YOUR OBJECTIVE: What you give back from the listing below should be an exact copy of the lines from the one with "Summer Scrapbook Page" down to the one with "WHBM Silver Metallic/White", and it should contain no pictures.

DATASET CONTENT:

***

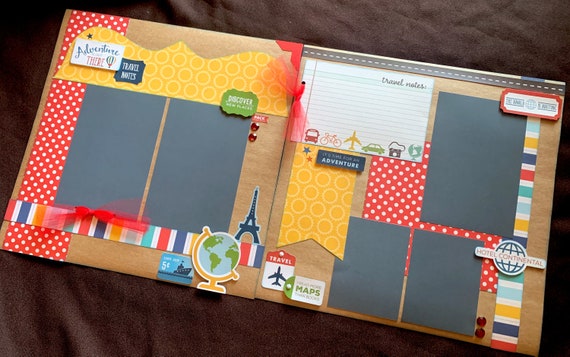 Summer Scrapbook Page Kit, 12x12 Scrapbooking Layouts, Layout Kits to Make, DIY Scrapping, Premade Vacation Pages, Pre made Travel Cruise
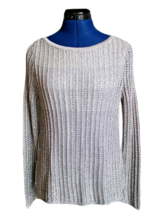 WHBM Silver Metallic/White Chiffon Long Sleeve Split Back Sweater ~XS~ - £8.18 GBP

***

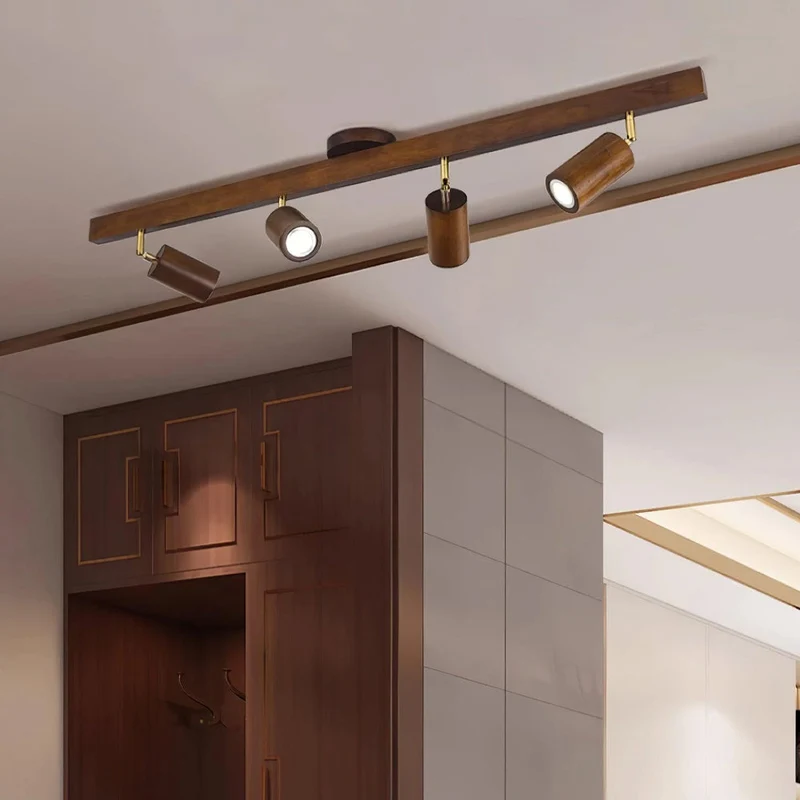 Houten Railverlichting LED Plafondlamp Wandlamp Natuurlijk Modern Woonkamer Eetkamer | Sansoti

***

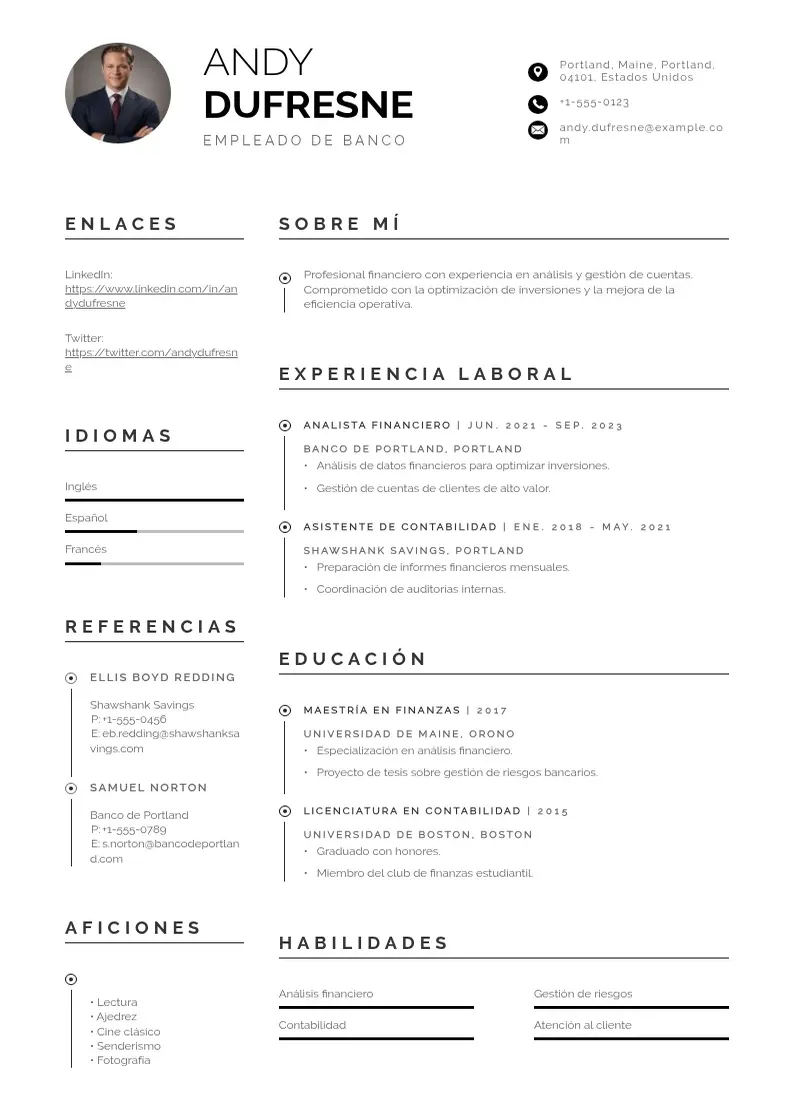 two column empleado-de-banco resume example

***

RESPONSE AREA:
 Summer Scrapbook Page Kit, 12x12 Scrapbooking Layouts, Layout Kits to Make, DIY Scrapping, Premade Vacation Pages, Pre made Travel Cruise
 WHBM Silver Metallic/White Chiffon Long Sleeve Split Back Sweater ~XS~ - £8.18 GBP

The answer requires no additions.